The 14th century was a period of activity
among the Cambridge Black Friars. Five
General Chapters are known to have been held in
this country, the last in 1335, but none of these at
Cambridge. There were, however, Provincial
Chapters there in 1309, 1324, 1336, possibly
1339, 1348, 1366, and finally in 1426. (fn. 44) In
1309 Edward II gave £10 through John de
Wrotham, the London prior, being £5 for his
own good estate and £5 for his father's soul. In
October he gave a further £5 towards the expenses of the chapter on behalf of Queen Isabel,
whom he had married in the interval. Each sum
of £5 represented one day's maintenance for the
whole of the friars assembled, and, if the allowance was at the usual rate of 4d. a day each, the
attendance was reckoned at about 300. (fn. 45) The
chapter was held for three days about the feast of
the Assumption, and royal alms of £5 for each of
the three days was again given in 1324, 1336,
1347, and 1366. (fn. 46) Simon Boraston, a Cambridge
graduate, who was Provincial from 1328 to the
chapter of 1336, was arrested in 1330 for complicity in the alleged plot of Edmund, Earl of
Kent, against the regime of Isabel and Mortimer
but seems to have suffered no further interference. (fn. 47)
At the onset of the Black Death, Thomas Lisle,
Bishop of Ely, himself a Dominican who had
made his mark as a theologian at Cambridge, was
abroad. He appointed a large number of priests,
friars among them, to act as confessors during the
emergency, (fn. 48) but on 15 September he withdrew
his licence from all the hastily appointed penitentiaries except the Sacrist and one other monk of
Ely, the Cambridge Franciscan Warden, and three
Cambridge Dominicans of whom one, Thomas
Ringstead, was given special powers in cases
usually reserved, while another Professor of
Theology was to act for the Wisbech district. (fn. 49)
On 30 November 1349 Robert de Bulmer,
another Cambridge Dominican, was appointed
penitentiary under the ordinary conditions, (fn. 50) and
in March 1350 the Franciscan Warden and
Henry de Kyrkeby, Dominican Professor of
Theology at Cambridge, were similarly appointed.
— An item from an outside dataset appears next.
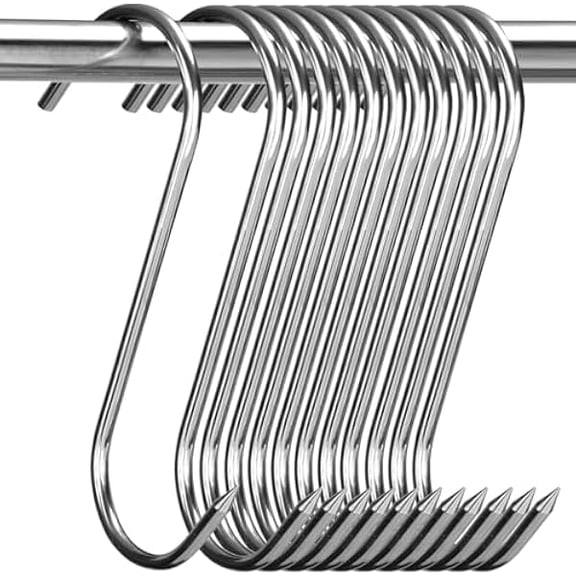 12 Pcs Meat Hooks, 6 Inch Butcher Hooks Stainless Steel (4MM Diameter), S Shaped Smoking Meat Processing Hook for Hanging Bacon Sausage, Hunting Smoking Ribs, Drying, Grillling BBQ For Kitchen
The bishop had returned and the situation was
apparently normal.
There is no evidence about the incidence of the
plague among the Cambridge Dominicans, but
neither the Black Death, nor disturbances within
the Order, did much to check their influence. At
this time bequests to the 'Four Orders' were very
common from people in every station of life and
in amounts ranging from 5d. to £10. Small bequests to the four convents in Cambridge, (fn. 51) some
of which discriminated in favour of the Dominicans, are far too many to enumerate, but in 1356
Elizabeth Bohun, Countess of Northampton, left
the large sum of £50 to the Cambridge Dominicans. (fn. 52) Thomas Ringstead, himself one of their
number, and a Professor of Theology in 1349,
became Bishop of Bangor in 1357: he died early
in 1366, leaving his missal to the convent, and
his great breviary to be perpetually chained in
the middle of the choir between the prior and
the master-regent. He also left £20 to found a
chest from which the students might borrow 10s.
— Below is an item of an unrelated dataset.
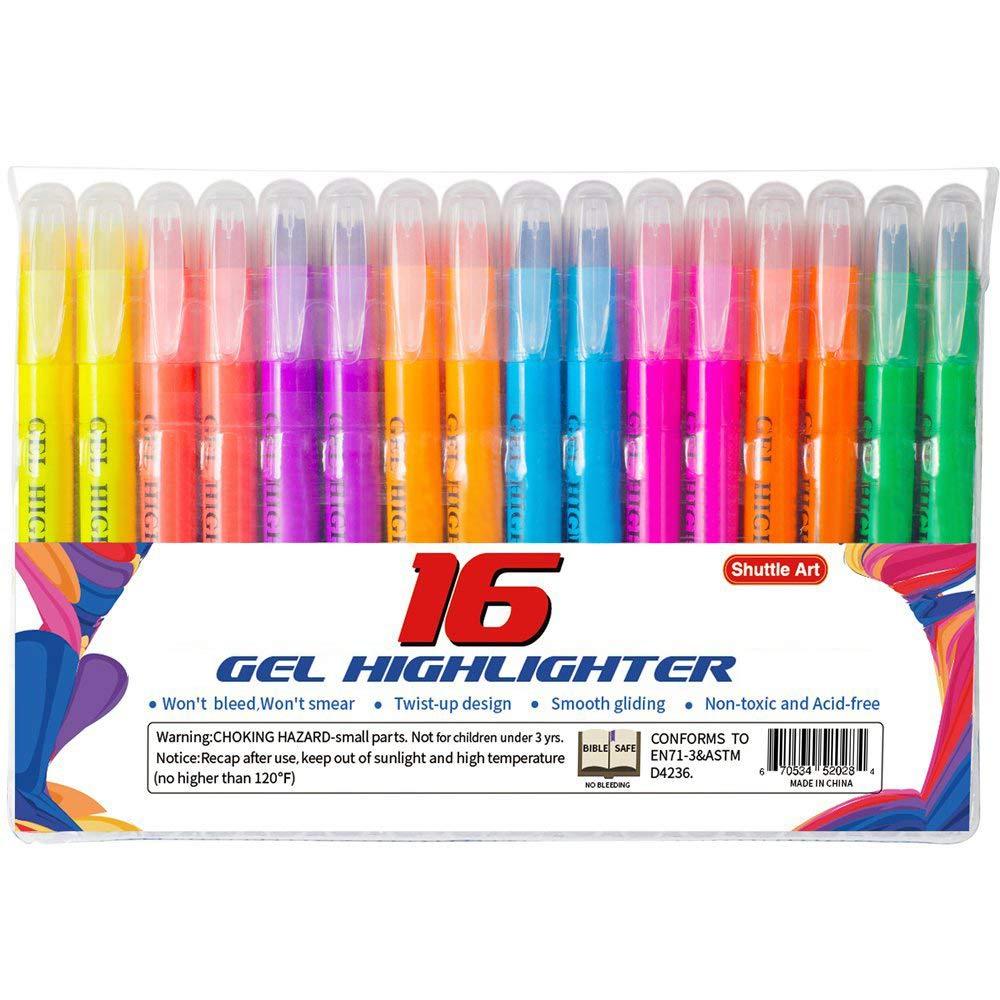 Shuttle Art 16 Pack Gel Highlighters, 8 Assorted Colors Highlighter Study Kit, Great for Journaling, Highlighting and Studying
on sufficient pledge, the master-regent and master
of the students to keep the keys and render
yearly accounts. (fn. 53)
From 9 September to 7 October 1388 the only
Parliament ever held in Cambridge sat at the
Black Friars there, (fn. 54) and when it rose a sum of
20 marks was awarded to the friars in compensation for damage and inconvenience. (fn. 55) In the
same year their own Provincial Chapter at Lincoln issued decrees regulating the promotion of
Dominicans to degrees in both universities and
appointing certain friars to read the sentences in
Oxford and Cambridge. (fn. 56) In 1390 royal mandates were issued forbidding Dominican friars to
cross the seas for degrees, (fn. 57) and these were probably aimed at the nominees of the Master
General, against whom the king was acting with
the Provincial Chapter and the University. In
1393 the Master General, Raymond of Capua,
appointed two Visitors extraordinary, one for the
vicaries of London and la Marche (i.e. Oxford)
and one, William Bagthorpe, prior of the convent
at Lynn, for those of Cambridge and York; (fn. 58) and
in 1397 he appointed Richard Bachon Vicar of
the Visitation of Cambridge. (fn. 59) Bagthorpe and
Bachon are the only two vicars of the Cambridge
Visitation (or 'Vicary') whose names have been
found. It is therefore impossible to say whether
in more normal times the Conventual Prior of
Cambridge and the head of the Cambridge Visitation were two separate persons—on the analogy of
the Franciscan Custos and Warden (fn. 60) —or whether
the Cambridge prior normally exercised jurisdiction over the convents of the whole Visitation.
By the beginning of the 15th century this included King's Langley, (fn. 61) Dunstable, and Stamford as well as the houses in the Norwich diocese, (fn. 62)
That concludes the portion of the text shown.